Wednesday, January 19, 2011

Quiet Time.

There are times when it's appropriate to be loud as all getout...

e.g.:

-in the middle of the a wheat field with your (naked) cousins, using candy Easter eggs as body paint.

-ordering a shot of whisky at 1:55 AM on West Sixth Street.

-screaming at your sister to give you back your super cool track pants stolen from HHS, 1999.

Then there are other times. When it's time. To shut

the hell

up.

To shut the hole in your face. Your trap. Your pie hole. Your yapper.

When I get off work, if it's not 2 AM, I like to go to a favorite spot of mine and sit at the bar and have a beer or two, wind down and go home. Most often, there's a friend or five around who are there and I'll politely exchange with them, then keep to myself and enjoy a beverage, maybe momentarily chat with the bartender, watch "Cheers," etc.

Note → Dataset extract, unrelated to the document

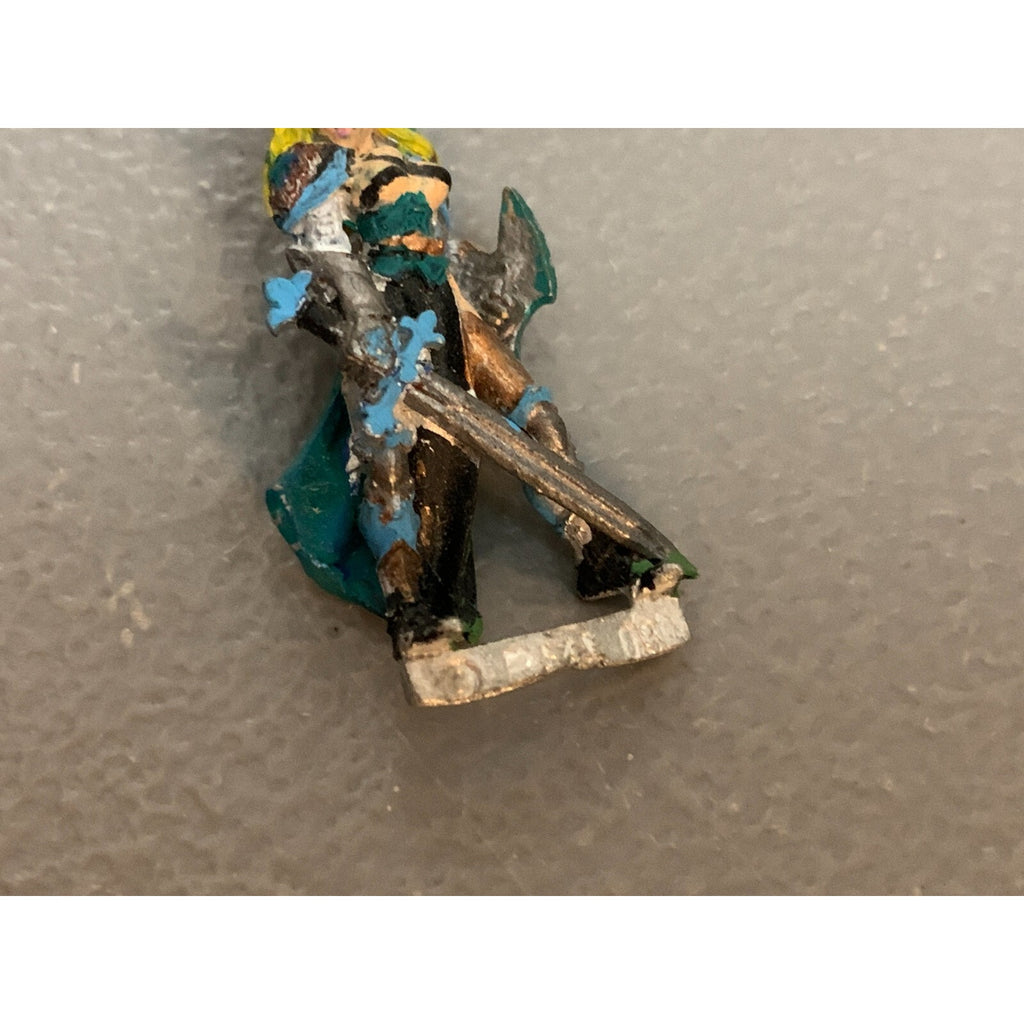 A10260 UNKNOWN OOP METAL MINIATURE PAINTED FANTASY FEMALE SWORD SHIELD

But sometimes, there's a loud crazy bitch at the bar, who has been there since Happy Hour, and wants to gab at everyone who walks in the door, about Obama and Healthcare and bisexuals and transgendered persons, and eventually will get kicked out because she's going to lunge at my friend Willis and try to strangle him, and all the while I am sitting, helpless to her ranting and raving, wishing that I would have done to a different bar to drink my beer, praying for her trap to shut.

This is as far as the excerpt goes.